Thank you ... Love The Mummy Music but need to find something similar but much cheaper !


----------



## Nitroman (5 mo ago)

Josquin13 said:


> To start with, I'd look into British composers that were influenced by 19th century Orientalism, & may have been preoccupied with themes of Ancient Egypt, or any place in the Middle East where parts of the British Museum's collection came from. (I've not been there in decades, & can only vividly recall Champollion's Rosetta Stone...) Moreover, the choice of exotic music would also help to emphasize to the viewer watching that these ancient artifacts don't come from Henley-on-Thames or Bath.
> 
> In other words, I don't think the typical British pastoral scene depicted in English music makes any sense at all. So, the music of Vaughan Williams, Delius, & other British composers who have a strong connection to the English countryside are not the right choice. Though music inspired by the ancient Celtic world might work...
> 
> ...


These suggestions are all terrific ... Lots i've never heard of, so I'll go through them one by one. Big thanks for sharing your knowledge.


----------



## hammeredklavier (Feb 18, 2018)

Nyman


----------



## NoCoPilot (Nov 9, 2020)

Re: Nyman.

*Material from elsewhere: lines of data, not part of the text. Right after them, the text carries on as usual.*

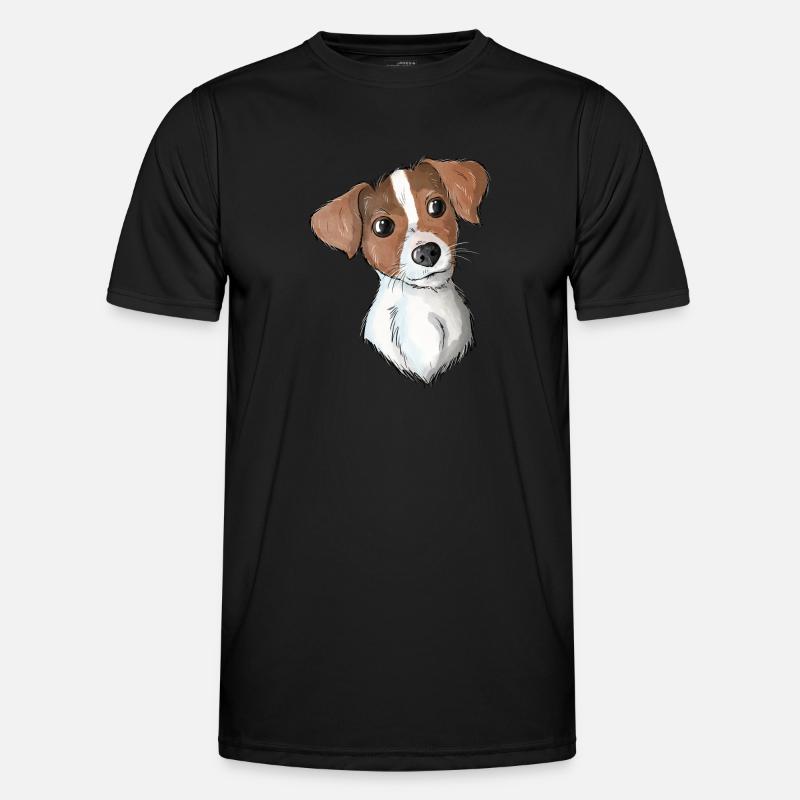 Jack Russell Pattern 4 - Männer Funktions-T-Shirt - Schwarz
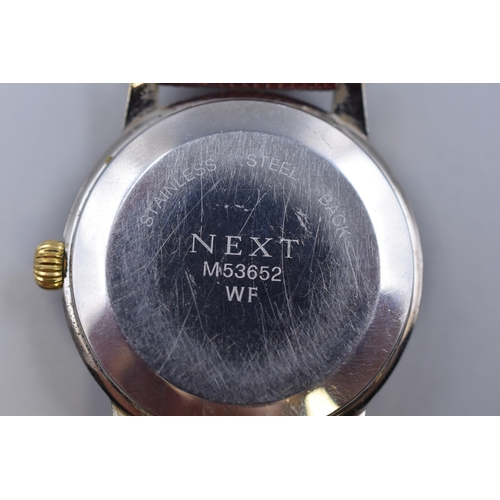 90 - Next Quartz Gents Watch with Leather Strap (Working)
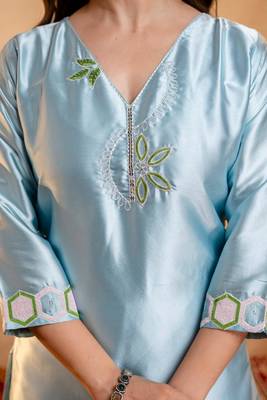  Embroidery Work Satin Straight Kurta Shalwar and Dupatta Set 2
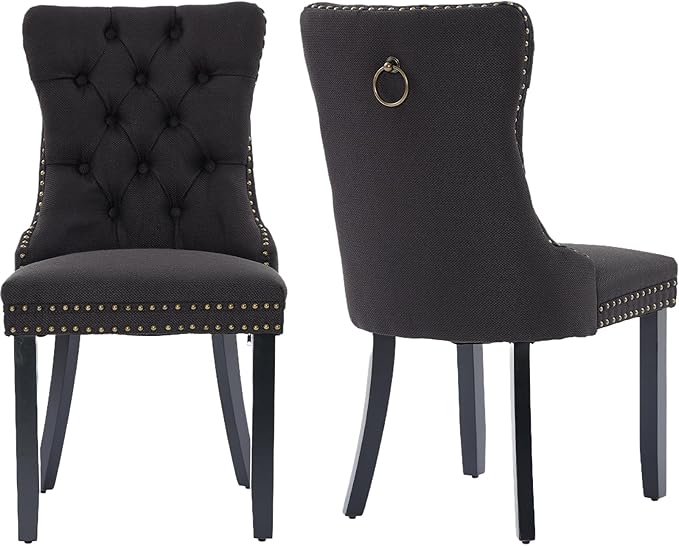YeahFurn Black Mid Century Modern Dining Chairs Set of 2, Linen Upholstered Kitchen & Dining Room Chairs with Nailhead Trim & Solid Wood Legs, Elegant Sillas De Comedor (Black, 2 Pcs)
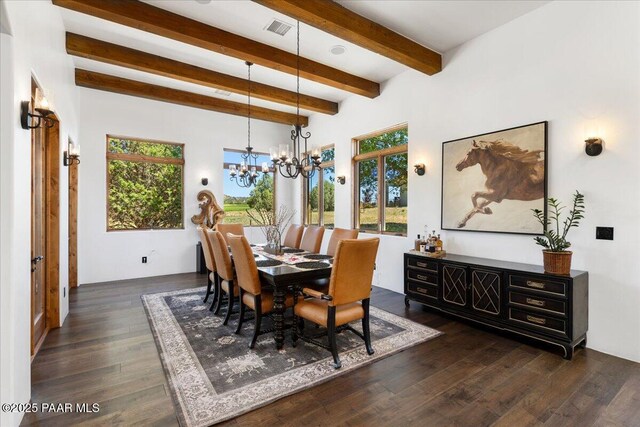 15345 N Badlands Cir, Prescott, AZ 86305 - dining space with plenty of natural light, beam ceiling, dark wood-style floors, and a chandelier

What dreadful music.


----------



## Merl (Jul 28, 2016)

If you're looking for something classical with a more oriental twist, that's similar in style to The Mummy OST, have you considered bunging together Rimsky-Korsakov's Scheherazade, Saint-Saens' Bacchanale, Prokofiev's Scythian Suite and Egyptian Suite and Nielsen's Aladdoin Suite. You'll be able get all these from YouTube or open source for nothing, surely.


----------